Game of Thrones pode ser considerado um retorno às obras antigas silenciadas pelo politicamente correto? George R. R. Martin trata exatamente de alguns pontos que você levanta em seu livro como: morrer em batalha é nobre, heróis merecem respeito e gratidão, o cristianismo é uma força transformadora e civilizadora, cavalheirismo não subjuga a mulher…
Tenho de admitir minha ignorância, nunca assisti ou li Game of Thrones. Fico feliz em saber que um seriado atual e tão popular aborda tais temas. Ouvi dizer que é uma série brutal e bem violenta, mas tenho a sensação de que o tratamento literário da barbárie e da brutalidade pode ser um passo importante em direção ao fim da barbárie e brutalidade, e o início da civilização. Estou me lembrando das Ilíadas de Homero, que retrata algumas das experiências humanas mais terríveis — desde a guerra brutal ao sexo escravo — e ainda assim as retrata de uma maneira muito humanizante, permitindo ao leitor que o inimigo seja visto com compaixão, por conta da experiência de compartilhar a tragédia da condição humana.
O politicamente correto é uma ameaça à liberdade?
Certamente, sim! Nem mesmo permitindo que as pessoas pensem livremente. Proíbe-nos de chegar às conclusões baseadas na razão e nas evidências vistas com nossos próprios olhos. Dissemina o pensamento de que qualquer um que ouse discutir determinados assuntos ou levantar certos fatos é um ser inadequado e inaceitável. Cada vez mais, proíbe o contato com a literatura e com as ideias consideradas passadas, a não ser que façam parte dessa gama bastante estreita do considerado politicamente correto.
Qual a relação entre o narcisismo e o politicamente correto?
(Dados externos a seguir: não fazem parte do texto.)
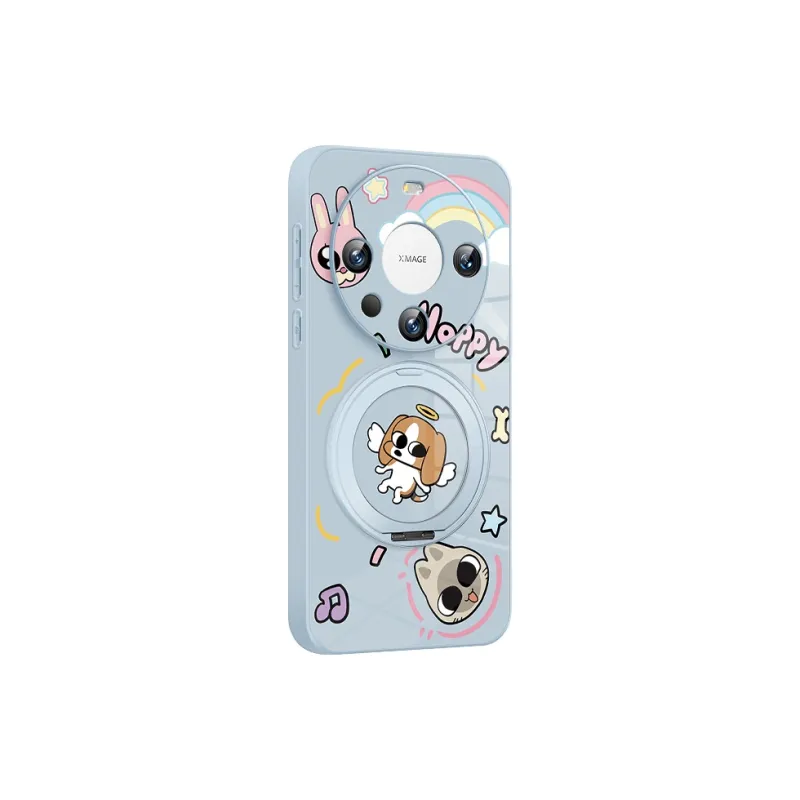 Small bones Phone Cases-13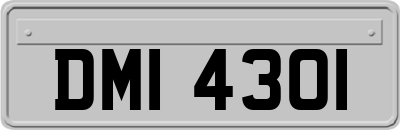 DMI4301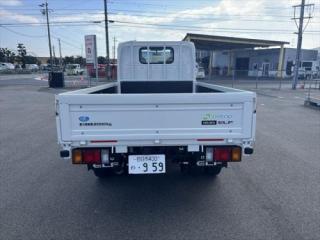 ショート（MＴ車）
Não posso falar sobre narcisismo como patologia, mas certamente o politicamente correto faz com que as pessoas sintam-se seguras ao se confinarem em uma realidade auto-aprovada e auto-criada, permitido-lhes evitar qualquer contato com realidades incômodas que possam desafiar seu autoconceito. Um tipo de segurança muito perigosa — para o indivíduo e para a sociedade como um todo — a longo prazo. O contato com grandes obras literárias e grandes idéias do passado é muito útil para corrigir qualquer ilusão egocentrista de que sabemos tudo, de que somos mais inteligentes e mais virtuosos do que qualquer um, de que somos auto-suficientes e não precisamos de nada nem ninguém fora nós mesmos.